Data for review »
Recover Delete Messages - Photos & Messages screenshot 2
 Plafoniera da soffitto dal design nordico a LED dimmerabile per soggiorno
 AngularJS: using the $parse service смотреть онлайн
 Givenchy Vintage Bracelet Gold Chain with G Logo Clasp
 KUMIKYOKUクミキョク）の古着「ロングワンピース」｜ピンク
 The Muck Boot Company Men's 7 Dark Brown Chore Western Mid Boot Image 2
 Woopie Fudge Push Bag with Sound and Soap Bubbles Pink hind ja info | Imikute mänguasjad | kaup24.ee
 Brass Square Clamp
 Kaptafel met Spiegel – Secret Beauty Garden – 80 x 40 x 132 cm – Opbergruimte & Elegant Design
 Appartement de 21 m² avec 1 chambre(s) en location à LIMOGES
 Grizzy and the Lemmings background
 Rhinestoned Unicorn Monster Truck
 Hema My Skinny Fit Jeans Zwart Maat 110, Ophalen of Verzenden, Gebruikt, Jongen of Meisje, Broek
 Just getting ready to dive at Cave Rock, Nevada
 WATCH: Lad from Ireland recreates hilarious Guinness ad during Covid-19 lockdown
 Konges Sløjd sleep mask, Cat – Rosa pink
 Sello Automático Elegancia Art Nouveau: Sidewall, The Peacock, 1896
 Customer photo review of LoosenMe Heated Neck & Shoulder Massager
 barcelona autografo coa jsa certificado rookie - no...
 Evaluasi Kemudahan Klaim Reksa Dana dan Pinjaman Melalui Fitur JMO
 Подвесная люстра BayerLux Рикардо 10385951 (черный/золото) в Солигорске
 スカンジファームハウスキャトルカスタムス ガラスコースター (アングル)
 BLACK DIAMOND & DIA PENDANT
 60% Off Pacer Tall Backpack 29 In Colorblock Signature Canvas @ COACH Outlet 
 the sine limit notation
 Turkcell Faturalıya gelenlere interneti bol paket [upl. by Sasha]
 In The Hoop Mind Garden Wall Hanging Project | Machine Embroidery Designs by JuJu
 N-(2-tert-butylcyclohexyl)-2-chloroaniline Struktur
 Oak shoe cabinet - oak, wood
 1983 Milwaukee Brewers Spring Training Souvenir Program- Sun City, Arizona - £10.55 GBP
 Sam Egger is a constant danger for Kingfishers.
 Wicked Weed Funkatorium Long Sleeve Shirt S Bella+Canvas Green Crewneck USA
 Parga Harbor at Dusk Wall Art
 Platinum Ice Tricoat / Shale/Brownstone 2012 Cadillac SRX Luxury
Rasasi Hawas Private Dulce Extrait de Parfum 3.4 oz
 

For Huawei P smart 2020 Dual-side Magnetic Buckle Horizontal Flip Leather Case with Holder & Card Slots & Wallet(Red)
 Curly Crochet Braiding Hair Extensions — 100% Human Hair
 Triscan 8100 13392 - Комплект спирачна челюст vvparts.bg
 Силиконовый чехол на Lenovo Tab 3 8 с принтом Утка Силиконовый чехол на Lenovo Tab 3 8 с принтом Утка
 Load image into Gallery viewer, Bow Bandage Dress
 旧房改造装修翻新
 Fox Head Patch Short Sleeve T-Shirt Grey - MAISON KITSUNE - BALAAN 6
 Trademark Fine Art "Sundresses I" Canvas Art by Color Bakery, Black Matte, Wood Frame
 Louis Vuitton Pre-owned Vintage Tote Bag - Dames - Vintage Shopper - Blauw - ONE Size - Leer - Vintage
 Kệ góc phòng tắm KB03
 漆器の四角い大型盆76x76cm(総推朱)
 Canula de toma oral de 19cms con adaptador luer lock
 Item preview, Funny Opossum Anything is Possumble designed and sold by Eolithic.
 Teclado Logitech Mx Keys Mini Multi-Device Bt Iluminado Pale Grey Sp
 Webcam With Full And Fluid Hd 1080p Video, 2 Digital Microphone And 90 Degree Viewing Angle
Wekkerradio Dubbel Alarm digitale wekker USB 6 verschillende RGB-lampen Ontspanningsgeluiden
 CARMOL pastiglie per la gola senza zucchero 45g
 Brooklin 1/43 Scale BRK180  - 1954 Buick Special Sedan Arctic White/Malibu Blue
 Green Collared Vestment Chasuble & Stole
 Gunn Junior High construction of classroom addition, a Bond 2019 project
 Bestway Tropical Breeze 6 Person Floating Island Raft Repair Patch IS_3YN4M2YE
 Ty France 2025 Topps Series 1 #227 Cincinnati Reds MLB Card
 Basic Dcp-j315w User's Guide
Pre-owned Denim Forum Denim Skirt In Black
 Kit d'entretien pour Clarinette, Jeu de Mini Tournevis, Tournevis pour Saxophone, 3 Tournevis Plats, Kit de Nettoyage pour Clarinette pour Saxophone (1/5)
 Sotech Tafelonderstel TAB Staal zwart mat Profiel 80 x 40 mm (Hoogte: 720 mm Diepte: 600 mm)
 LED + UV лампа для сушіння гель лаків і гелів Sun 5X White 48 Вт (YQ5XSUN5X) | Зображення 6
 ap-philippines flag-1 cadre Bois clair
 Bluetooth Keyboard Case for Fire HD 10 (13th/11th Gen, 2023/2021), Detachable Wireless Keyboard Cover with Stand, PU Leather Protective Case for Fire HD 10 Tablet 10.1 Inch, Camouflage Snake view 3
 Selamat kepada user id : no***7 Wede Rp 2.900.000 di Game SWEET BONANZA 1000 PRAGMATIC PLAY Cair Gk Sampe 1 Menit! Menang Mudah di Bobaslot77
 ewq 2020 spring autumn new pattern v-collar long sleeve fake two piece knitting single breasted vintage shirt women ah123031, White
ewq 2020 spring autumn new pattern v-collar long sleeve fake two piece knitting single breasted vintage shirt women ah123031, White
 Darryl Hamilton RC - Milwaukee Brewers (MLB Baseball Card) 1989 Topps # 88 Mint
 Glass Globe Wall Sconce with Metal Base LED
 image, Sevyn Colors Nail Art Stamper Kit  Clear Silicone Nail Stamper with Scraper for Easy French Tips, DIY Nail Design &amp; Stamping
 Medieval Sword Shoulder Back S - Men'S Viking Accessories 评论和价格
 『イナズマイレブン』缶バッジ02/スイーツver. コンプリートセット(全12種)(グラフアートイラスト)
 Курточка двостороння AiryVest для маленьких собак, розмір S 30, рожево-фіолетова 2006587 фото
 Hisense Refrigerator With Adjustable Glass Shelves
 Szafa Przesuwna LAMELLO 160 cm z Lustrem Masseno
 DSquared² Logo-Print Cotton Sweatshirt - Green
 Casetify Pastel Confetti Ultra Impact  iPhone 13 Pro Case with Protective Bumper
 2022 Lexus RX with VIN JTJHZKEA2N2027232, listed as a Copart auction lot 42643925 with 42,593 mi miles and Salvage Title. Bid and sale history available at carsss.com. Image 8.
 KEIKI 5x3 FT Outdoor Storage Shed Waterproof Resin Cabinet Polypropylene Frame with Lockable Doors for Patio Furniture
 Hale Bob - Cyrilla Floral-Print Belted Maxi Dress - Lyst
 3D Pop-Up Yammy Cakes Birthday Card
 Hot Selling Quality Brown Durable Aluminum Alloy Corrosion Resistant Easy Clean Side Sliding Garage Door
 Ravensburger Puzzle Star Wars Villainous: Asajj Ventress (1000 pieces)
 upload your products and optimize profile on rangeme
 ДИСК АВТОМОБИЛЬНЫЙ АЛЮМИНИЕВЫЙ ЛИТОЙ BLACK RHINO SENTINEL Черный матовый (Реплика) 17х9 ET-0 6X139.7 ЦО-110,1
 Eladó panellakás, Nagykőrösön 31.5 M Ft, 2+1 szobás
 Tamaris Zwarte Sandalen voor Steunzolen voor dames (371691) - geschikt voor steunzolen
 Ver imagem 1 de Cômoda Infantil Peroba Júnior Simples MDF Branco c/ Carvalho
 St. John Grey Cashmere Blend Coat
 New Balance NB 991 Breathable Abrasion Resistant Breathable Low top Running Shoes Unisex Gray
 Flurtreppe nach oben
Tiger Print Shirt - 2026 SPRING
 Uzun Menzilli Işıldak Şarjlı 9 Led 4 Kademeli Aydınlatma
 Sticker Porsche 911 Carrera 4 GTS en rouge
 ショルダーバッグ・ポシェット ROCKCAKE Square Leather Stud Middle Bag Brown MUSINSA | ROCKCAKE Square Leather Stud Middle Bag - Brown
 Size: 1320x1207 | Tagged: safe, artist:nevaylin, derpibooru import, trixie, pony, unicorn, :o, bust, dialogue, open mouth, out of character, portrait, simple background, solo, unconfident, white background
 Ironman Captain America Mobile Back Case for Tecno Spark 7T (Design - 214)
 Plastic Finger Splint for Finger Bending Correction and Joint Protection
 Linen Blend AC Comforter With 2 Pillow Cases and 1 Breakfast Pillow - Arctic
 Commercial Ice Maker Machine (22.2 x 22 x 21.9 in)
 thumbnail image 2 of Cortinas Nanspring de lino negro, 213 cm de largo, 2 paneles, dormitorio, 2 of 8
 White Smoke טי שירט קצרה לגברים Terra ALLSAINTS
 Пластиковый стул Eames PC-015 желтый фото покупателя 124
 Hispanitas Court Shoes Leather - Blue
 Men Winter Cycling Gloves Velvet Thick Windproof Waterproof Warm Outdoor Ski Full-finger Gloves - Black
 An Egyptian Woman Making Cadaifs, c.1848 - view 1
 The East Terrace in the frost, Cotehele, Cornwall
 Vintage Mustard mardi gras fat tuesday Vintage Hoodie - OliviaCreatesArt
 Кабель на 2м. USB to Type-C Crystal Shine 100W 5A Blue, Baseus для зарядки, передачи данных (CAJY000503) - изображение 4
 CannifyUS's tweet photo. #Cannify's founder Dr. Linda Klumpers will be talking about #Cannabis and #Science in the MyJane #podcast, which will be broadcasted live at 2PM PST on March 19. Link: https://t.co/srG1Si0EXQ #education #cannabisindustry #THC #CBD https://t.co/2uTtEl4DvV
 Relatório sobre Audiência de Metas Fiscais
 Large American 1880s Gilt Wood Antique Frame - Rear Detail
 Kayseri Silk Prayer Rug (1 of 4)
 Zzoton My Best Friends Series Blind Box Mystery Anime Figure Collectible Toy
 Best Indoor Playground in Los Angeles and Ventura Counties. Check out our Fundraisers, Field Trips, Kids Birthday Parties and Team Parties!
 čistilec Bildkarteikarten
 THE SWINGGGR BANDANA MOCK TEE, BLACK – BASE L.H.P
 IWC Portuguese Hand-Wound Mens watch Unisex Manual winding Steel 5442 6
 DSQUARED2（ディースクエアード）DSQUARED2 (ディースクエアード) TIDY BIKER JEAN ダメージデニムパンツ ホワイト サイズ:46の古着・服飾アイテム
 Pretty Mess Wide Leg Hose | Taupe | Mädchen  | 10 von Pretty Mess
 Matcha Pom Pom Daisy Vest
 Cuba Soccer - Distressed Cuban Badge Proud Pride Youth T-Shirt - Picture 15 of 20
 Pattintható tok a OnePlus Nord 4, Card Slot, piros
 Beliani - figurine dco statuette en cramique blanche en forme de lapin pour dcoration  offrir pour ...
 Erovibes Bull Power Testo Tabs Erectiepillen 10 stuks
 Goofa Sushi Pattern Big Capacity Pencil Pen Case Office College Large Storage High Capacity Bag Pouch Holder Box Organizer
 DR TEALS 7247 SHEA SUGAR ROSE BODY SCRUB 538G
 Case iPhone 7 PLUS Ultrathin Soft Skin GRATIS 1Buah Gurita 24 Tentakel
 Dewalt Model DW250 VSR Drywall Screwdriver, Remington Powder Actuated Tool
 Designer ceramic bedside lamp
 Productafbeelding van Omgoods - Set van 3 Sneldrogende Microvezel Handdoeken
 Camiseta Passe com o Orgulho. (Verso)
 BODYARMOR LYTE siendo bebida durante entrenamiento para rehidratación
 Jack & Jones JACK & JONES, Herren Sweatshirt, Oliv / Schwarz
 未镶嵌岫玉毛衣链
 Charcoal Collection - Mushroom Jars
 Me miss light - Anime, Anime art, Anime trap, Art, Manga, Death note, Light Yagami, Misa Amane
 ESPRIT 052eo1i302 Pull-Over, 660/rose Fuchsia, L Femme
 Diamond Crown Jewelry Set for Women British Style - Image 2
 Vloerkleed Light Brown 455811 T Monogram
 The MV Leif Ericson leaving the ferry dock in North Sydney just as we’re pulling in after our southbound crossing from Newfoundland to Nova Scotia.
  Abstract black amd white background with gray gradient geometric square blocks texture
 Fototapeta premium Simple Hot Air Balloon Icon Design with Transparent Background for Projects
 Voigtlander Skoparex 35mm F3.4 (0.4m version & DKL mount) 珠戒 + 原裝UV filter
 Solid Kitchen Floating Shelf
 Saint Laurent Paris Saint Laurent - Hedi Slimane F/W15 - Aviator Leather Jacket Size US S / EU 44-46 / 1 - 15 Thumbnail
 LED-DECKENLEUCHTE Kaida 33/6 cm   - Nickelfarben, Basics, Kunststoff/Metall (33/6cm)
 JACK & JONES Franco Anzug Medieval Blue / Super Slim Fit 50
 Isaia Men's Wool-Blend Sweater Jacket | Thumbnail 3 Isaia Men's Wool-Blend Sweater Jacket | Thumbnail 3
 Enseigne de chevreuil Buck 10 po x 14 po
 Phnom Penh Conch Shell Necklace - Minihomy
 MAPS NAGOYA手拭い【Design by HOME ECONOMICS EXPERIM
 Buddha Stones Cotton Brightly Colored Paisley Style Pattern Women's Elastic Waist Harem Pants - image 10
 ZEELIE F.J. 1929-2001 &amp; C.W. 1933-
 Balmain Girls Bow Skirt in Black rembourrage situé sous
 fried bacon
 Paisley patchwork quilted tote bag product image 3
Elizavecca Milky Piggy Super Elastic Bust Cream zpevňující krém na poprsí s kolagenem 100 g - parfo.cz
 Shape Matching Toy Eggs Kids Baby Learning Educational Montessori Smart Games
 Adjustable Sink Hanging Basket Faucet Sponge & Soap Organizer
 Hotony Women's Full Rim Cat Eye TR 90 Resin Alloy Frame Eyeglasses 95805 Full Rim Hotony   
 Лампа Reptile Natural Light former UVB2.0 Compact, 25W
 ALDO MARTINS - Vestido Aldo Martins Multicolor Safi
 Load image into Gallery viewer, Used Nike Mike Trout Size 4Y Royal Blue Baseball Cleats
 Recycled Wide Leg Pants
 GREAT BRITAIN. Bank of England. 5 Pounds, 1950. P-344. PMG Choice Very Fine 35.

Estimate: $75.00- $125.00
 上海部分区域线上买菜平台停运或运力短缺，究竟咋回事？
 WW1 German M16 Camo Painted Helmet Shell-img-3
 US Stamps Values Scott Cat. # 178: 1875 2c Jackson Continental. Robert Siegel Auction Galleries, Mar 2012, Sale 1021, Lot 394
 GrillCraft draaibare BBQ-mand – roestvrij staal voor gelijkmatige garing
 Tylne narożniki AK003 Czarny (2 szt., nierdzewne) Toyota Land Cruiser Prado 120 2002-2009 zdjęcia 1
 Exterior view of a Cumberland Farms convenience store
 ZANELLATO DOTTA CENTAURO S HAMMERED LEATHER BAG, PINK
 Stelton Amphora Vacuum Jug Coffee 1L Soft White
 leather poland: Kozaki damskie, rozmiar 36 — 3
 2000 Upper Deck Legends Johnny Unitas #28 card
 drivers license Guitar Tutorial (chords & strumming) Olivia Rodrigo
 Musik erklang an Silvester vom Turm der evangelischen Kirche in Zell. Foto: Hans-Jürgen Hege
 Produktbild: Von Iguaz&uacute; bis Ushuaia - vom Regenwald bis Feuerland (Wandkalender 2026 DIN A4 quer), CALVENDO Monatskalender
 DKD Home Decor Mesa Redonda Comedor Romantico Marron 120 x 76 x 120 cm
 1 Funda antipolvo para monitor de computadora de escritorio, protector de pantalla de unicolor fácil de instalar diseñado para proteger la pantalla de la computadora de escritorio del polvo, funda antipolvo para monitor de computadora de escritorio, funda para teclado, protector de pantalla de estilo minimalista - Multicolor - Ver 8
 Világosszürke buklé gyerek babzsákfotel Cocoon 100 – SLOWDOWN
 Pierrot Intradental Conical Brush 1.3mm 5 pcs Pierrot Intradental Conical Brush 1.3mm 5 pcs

Problem requirements » From the entries above, return exactly the line containing "BLACK DIAMOND & DIA PENDANT", the line containing "Oak shoe cabinet - oak, wood", and all lines between, and nothing else.

Response »
 BLACK DIAMOND & DIA PENDANT
 60% Off Pacer Tall Backpack 29 In Colorblock Signature Canvas @ COACH Outlet 
 the sine limit notation
 Turkcell Faturalıya gelenlere interneti bol paket [upl. by Sasha]
 In The Hoop Mind Garden Wall Hanging Project | Machine Embroidery Designs by JuJu
 N-(2-tert-butylcyclohexyl)-2-chloroaniline Struktur
 Oak shoe cabinet - oak, wood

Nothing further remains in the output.